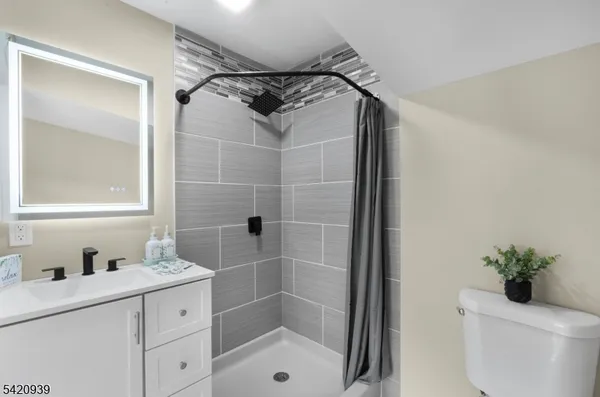 $364,900 | 23 Harriet Way, Landing, NJ 07850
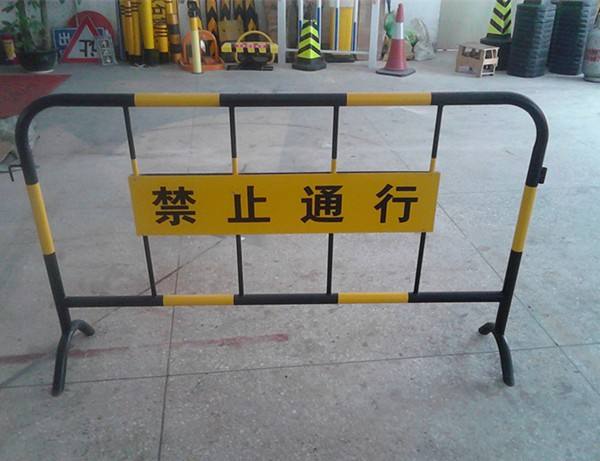 黄石铁马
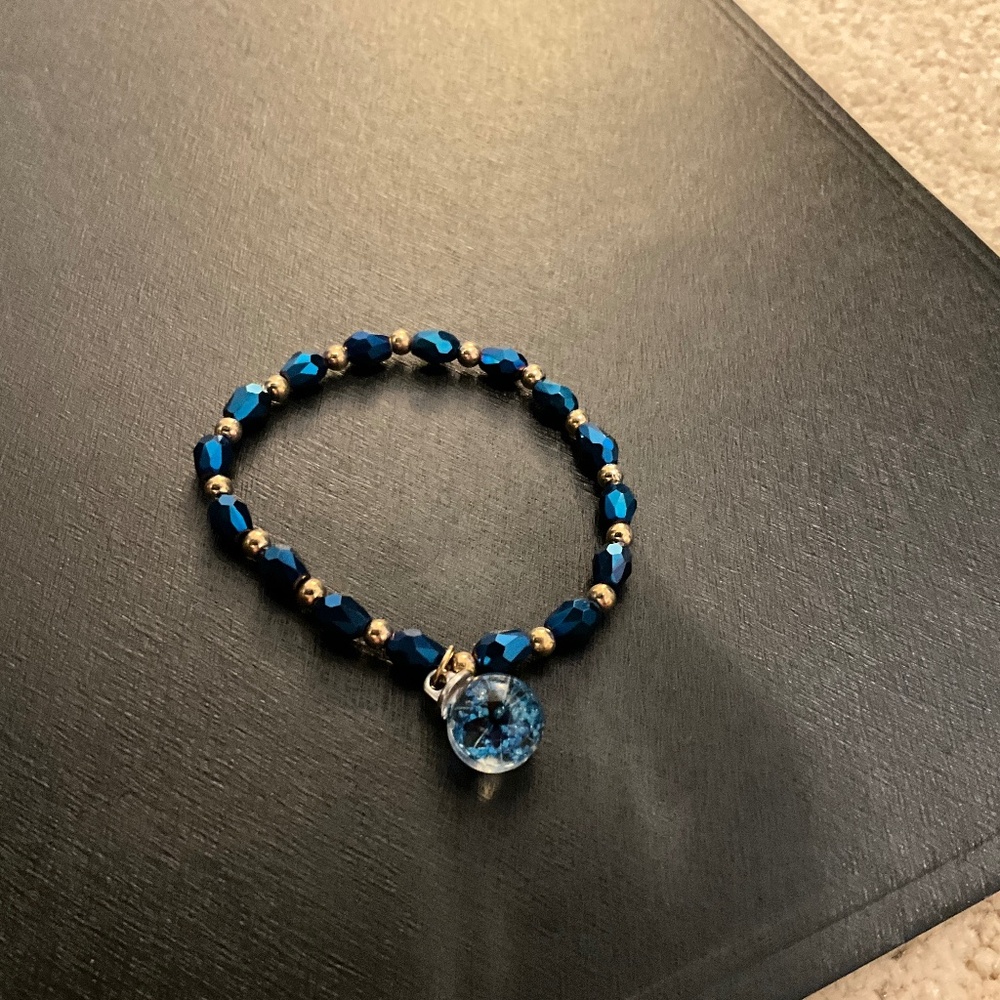 Bracelet elastic beaded NWOT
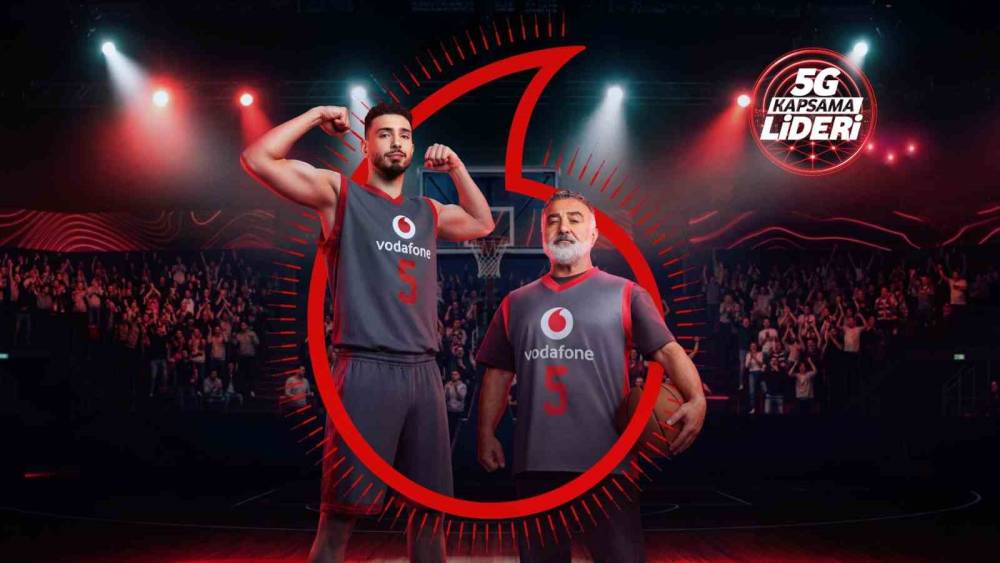 Vodafone&rsquo;un 5G kapsama reklamında milli basketbolcu Alperen Şeng&uuml;n oynadı
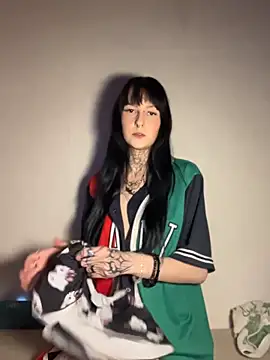 Seductively4 20 online show from May 2026 10:05:01 PM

_WHAT THE TASK ASKS_. Drop the pictures and set down the data above exactly.

_ANSWER BELOW_.
 $364,900 | 23 Harriet Way, Landing, NJ 07850
 黄石铁马
 Bracelet elastic beaded NWOT
 Vodafone&rsquo;un 5G kapsama reklamında milli basketbolcu Alperen Şeng&uuml;n oynadı
 Seductively4 20 online show from May 2026 10:05:01 PM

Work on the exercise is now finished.